While few would argue that a full life can be achieved without being true to oneself, the simple truth of the matter is that the people around us generally don't like it when our behavior fails to match their preconceived ideas about who we are. They react poorly to change and they will typically fight very hard to convince you that their notion of who you are is more valid than the idea of self you are now expressing. Although these attempts may not be overt, and they may take many forms - the end result is "a lot of bad noise" and a strong societal encouragement to re-take up our assigned role. This in turn causes negative stimuli and when combined with our natural desire to be loved and accepted, turns into a self perpetuating cycle of adaptive behavior and deeply rooted self-deceptions.
Perhaps the saddest aspect of this whole bloody, great mess however is that the "truth" society and the people around us seek to enforce is actually the "lie" that binds so many of us to suffering. The ideas, feelings, desires, expressions and attitudes that reside deep inside of us are *FAR* more representative of who we are and more importantly who we COULD be than the seemingly omnipresent force of societal pressure could ever hope to be. The things that go on inside of our heads come from a *real* place of infinite potential; while most of the forces that pressure us into conformity merely represent a pattern or idea of what life ought to be like - usually cooked up by some octogenarian official from a long forgotten generation before us.

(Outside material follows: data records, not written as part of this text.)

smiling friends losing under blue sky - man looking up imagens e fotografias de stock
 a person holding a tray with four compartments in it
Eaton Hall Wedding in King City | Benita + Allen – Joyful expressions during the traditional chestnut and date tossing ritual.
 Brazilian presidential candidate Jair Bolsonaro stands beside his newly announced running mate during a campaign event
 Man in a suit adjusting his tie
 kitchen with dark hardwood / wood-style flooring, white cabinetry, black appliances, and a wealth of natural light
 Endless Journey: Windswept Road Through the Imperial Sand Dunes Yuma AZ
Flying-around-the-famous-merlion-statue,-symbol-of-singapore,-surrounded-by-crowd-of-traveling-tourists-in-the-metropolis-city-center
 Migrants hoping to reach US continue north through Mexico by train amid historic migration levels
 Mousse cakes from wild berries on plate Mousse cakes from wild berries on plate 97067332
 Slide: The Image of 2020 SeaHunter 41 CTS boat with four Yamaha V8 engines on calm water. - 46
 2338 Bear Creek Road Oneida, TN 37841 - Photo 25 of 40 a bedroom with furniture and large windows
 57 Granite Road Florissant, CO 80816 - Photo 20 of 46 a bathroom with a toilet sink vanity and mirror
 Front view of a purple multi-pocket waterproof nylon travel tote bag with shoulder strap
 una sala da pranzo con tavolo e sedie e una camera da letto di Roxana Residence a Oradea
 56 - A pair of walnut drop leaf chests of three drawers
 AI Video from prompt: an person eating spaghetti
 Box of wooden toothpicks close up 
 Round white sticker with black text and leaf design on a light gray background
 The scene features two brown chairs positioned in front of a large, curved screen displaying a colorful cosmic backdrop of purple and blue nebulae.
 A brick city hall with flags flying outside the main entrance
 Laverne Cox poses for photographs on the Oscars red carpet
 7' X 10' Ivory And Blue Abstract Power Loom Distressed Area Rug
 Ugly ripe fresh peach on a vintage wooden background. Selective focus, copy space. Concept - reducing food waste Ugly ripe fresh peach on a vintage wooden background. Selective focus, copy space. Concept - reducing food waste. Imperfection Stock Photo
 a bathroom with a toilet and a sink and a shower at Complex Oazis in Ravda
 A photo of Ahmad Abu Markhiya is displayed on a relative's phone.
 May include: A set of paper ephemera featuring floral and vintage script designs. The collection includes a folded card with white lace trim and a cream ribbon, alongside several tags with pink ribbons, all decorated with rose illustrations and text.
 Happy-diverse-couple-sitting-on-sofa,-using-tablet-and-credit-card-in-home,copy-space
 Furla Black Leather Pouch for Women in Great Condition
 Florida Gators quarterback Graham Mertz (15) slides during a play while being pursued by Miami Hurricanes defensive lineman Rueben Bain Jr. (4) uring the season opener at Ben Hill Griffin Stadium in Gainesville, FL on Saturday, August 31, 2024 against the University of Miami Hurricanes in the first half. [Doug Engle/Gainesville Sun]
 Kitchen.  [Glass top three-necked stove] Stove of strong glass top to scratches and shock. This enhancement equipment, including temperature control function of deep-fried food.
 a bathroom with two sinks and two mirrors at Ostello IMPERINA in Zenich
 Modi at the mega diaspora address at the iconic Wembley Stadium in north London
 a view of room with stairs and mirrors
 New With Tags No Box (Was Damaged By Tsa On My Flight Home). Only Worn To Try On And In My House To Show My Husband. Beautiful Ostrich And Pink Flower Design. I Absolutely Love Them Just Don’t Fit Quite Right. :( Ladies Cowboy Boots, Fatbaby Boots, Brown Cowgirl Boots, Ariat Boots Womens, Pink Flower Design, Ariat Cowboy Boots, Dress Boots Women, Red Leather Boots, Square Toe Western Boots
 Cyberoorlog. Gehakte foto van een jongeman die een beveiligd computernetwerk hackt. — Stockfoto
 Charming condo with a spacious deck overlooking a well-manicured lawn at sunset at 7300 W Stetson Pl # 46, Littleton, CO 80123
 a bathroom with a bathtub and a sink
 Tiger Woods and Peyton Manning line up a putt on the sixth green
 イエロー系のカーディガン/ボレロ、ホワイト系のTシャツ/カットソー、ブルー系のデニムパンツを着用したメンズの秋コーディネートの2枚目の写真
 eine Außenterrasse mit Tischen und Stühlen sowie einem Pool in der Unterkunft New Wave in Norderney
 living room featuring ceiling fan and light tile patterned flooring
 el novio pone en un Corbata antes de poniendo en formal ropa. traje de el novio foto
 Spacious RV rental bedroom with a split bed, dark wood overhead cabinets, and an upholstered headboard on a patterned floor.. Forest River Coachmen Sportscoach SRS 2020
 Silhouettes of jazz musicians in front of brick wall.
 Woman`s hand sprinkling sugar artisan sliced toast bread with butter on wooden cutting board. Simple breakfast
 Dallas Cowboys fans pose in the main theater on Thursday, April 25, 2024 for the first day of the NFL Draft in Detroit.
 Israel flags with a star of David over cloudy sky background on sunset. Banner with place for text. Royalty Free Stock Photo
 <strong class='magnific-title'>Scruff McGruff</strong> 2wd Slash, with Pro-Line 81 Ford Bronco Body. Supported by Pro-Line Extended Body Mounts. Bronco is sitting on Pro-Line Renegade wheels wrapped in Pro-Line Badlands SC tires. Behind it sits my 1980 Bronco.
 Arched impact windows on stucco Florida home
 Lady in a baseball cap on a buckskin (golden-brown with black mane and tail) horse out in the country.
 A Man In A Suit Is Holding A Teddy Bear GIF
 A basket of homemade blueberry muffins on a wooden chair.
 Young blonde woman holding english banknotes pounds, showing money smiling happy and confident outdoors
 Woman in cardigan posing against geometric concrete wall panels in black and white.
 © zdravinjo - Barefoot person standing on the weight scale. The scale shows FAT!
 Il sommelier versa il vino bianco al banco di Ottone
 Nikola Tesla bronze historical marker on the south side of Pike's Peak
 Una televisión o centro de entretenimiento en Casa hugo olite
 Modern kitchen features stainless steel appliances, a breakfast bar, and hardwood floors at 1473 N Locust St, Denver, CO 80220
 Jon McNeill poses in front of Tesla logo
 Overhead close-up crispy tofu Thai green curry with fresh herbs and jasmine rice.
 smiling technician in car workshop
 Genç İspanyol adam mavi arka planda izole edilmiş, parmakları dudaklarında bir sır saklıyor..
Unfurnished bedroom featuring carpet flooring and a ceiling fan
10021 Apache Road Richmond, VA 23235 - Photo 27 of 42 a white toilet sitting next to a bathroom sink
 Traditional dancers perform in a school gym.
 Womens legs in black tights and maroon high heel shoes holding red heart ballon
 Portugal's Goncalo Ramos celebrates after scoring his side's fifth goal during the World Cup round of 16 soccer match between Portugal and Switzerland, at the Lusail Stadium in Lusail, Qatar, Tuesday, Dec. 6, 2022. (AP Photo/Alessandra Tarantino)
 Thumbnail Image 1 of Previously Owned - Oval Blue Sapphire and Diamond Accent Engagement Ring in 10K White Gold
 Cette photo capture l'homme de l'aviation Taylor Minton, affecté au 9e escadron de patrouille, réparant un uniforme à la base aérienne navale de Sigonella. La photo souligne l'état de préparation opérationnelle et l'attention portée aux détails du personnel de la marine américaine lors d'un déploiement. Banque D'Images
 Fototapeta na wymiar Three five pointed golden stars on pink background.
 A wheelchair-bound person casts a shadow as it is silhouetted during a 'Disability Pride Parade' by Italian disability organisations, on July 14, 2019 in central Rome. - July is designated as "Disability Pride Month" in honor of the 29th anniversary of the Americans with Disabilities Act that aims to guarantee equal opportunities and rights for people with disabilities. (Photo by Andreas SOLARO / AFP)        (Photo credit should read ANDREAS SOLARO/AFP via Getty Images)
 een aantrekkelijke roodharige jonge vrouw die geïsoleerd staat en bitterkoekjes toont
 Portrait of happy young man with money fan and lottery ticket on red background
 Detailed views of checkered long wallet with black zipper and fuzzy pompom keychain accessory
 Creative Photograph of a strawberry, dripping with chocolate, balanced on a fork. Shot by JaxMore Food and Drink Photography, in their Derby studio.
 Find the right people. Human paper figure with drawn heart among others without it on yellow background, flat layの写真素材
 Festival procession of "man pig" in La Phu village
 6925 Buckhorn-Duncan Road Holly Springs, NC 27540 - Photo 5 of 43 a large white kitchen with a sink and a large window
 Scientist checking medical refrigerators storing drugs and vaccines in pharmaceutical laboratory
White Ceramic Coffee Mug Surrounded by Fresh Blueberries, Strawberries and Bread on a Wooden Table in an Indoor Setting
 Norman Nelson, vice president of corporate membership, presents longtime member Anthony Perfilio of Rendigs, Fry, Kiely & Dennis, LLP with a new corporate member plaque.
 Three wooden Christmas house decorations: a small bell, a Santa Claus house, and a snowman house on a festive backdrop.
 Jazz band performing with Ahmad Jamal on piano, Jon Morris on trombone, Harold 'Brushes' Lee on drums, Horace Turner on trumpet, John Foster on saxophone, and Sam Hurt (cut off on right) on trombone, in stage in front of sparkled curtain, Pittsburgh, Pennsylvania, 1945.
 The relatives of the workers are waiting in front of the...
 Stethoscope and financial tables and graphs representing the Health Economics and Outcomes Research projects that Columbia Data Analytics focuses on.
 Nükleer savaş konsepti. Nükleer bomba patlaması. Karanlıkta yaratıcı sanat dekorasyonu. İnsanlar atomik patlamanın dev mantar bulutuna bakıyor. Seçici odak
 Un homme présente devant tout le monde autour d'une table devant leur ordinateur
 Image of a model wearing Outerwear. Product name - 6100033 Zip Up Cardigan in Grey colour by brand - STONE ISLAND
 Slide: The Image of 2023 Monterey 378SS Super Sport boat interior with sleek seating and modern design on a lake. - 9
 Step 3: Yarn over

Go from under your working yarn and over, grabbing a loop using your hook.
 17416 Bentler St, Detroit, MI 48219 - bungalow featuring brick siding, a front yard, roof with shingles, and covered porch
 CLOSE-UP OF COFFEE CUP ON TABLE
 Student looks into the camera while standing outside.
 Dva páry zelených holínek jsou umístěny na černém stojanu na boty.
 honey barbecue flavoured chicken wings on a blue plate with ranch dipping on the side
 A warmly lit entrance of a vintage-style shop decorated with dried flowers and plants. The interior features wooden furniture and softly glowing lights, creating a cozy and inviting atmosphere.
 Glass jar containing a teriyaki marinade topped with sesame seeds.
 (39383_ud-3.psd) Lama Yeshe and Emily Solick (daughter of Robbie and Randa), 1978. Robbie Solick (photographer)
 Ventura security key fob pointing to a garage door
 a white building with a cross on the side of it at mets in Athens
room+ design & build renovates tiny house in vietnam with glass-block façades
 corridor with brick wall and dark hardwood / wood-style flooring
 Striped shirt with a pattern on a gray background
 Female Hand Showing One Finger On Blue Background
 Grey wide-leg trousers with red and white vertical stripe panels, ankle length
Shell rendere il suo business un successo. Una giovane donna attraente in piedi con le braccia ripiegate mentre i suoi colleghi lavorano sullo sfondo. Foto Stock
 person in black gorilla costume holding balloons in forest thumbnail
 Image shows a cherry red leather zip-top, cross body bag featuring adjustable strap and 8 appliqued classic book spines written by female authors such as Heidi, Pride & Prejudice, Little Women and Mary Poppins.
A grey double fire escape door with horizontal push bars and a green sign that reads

The question then becomes how to escape the trap and while I cannot profess to know all things for all people, I know that in my life any modicum of true happiness I've obtained has come from fighting for who I am and what I believe in. In order to be accepted for who you are in a world that encourages you to be anything but, it becomes necessarily to shout your ideas, opinions and feelings from the rooftops to be heard. You must constantly define and redefine your ideas, attitudes and self-image for those around you - so that they do not for one moment feel any temptation to define these things for you. Furthermore, this will not be frictionless - you must be prepared to lose false friends, to separate from family members and to be ostracized from certain social circles. You will step into the ring a proud champion of your own personhood over and over; you will leave the contest bloody every single time. There will be pain, there will be loss, there will be suffering. You must accept that this is the price of defining who you are and you must always remember that although you are bruised and battered emotionally - you have not been broken.
I don't know if there's anyone out there reading this, and if you are reading it - I can't pretend to have a clue who you are. What I can say is that if who you are isn't who you want to be, maybe it's time to revisit the question of who you are in the first place? There's no such thing as a second chance because that presupposes the world was prepared to give you a first chance anyways. You must fight... and little grasshopper: you must win.